## Supplied data
((
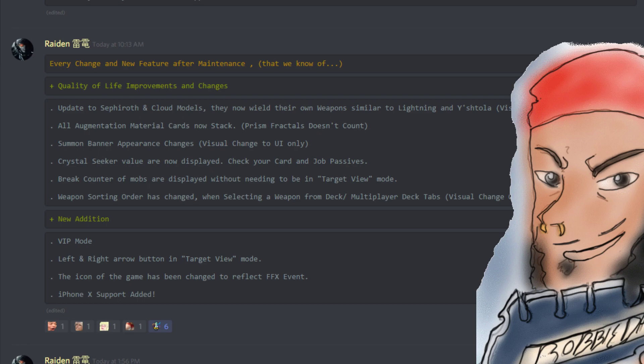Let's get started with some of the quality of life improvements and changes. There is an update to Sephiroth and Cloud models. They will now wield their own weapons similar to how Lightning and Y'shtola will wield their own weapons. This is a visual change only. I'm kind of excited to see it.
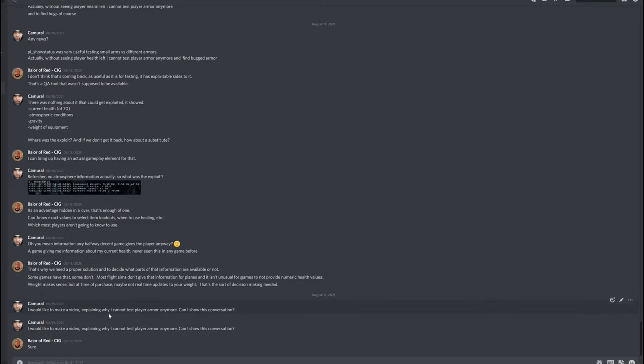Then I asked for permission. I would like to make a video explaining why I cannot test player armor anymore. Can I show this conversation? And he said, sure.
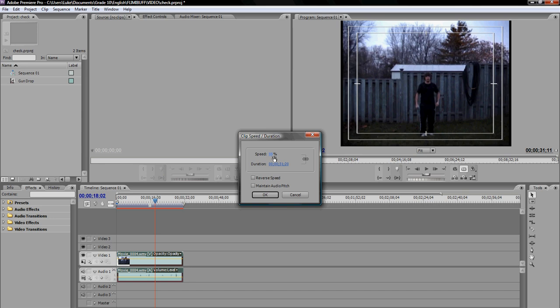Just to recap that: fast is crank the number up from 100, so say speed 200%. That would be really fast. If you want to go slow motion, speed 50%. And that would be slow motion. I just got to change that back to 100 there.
))
((
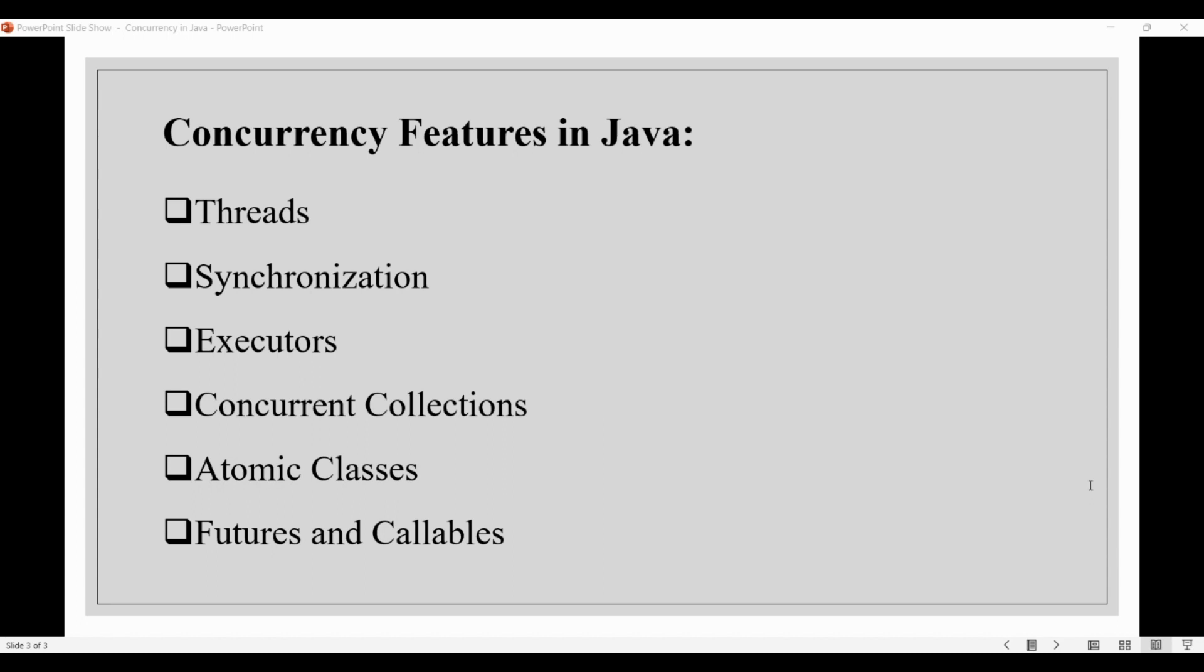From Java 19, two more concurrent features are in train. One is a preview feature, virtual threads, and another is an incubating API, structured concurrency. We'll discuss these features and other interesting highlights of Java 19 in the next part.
))
## Description of the task
While skipping the pictures, transcribe the data above from the line showing "Then I asked" through the line showing "Just to recap", exactly and with both ends.

## Worked solution
Then I asked for permission. I would like to make a video explaining why I cannot test player armor anymore. Can I show this conversation? And he said, sure.
Just to recap that: fast is crank the number up from 100, so say speed 200%. That would be really fast. If you want to go slow motion, speed 50%. And that would be slow motion. I just got to change that back to 100 there.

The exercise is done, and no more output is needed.